■ Task description: Reproduce, unchanged, the lines between the one holding "A parede solar" and the last line of the records, including both ends, but no pictures.

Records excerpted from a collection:
· · · ·
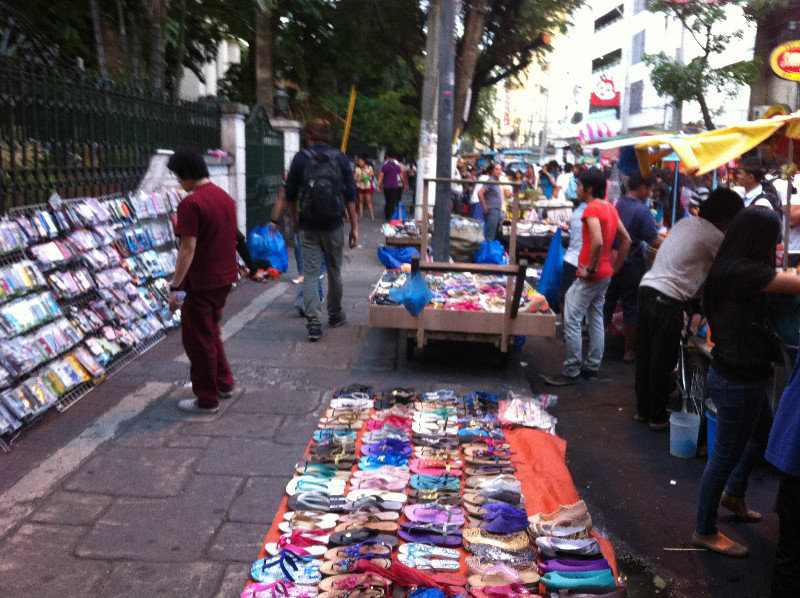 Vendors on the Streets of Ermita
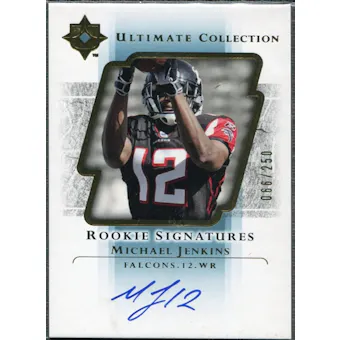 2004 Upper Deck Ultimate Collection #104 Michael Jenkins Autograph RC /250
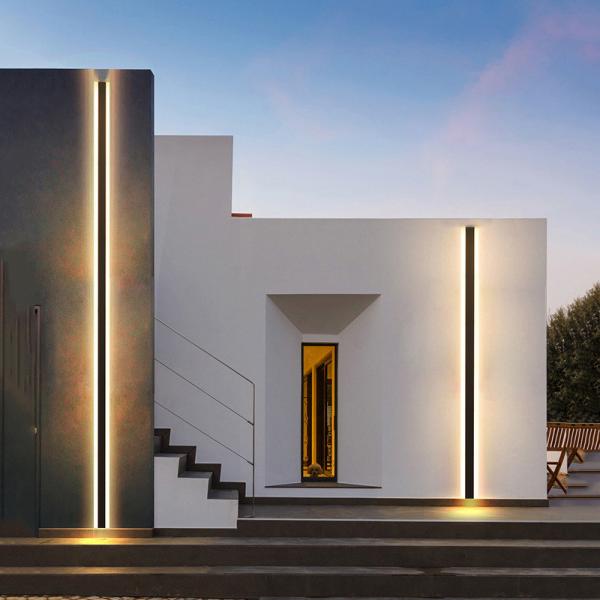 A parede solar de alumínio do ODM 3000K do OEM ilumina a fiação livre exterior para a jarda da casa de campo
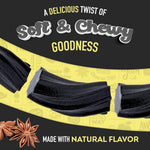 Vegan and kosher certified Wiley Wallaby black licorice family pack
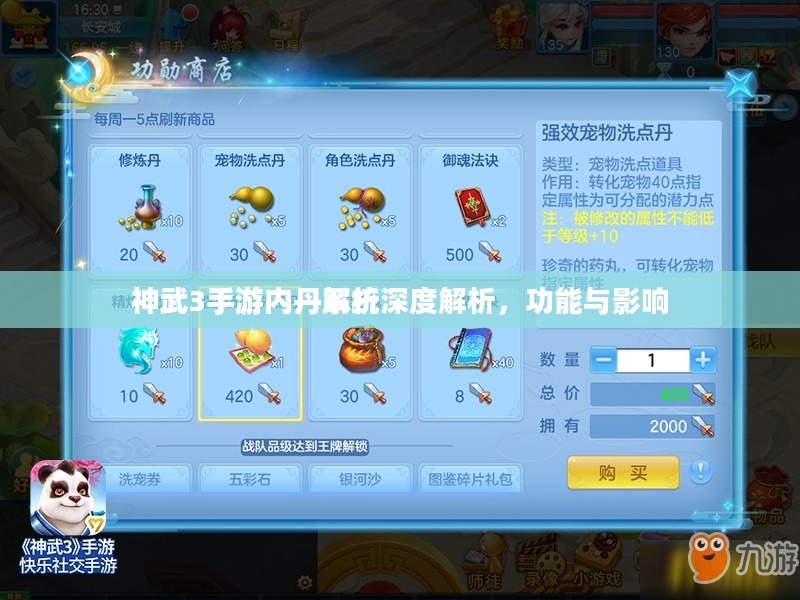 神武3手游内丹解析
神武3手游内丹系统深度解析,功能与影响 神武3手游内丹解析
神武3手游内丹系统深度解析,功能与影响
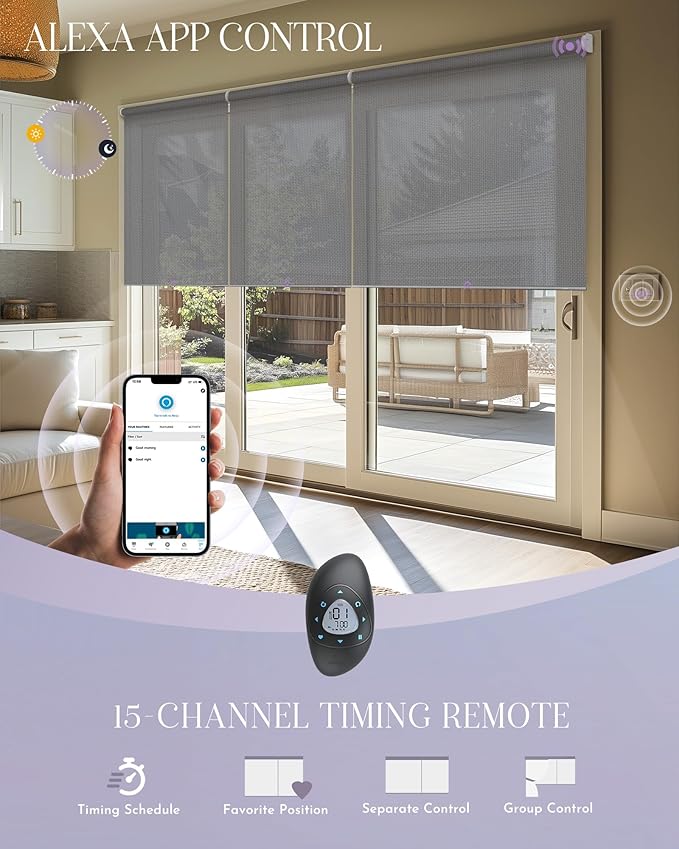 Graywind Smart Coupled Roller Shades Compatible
· · · ·
■ Written solution:
 A parede solar de alumínio do ODM 3000K do OEM ilumina a fiação livre exterior para a jarda da casa de campo
 Vegan and kosher certified Wiley Wallaby black licorice family pack
 神武3手游内丹解析
神武3手游内丹系统深度解析,功能与影响 神武3手游内丹解析
神武3手游内丹系统深度解析,功能与影响
 Graywind Smart Coupled Roller Shades Compatible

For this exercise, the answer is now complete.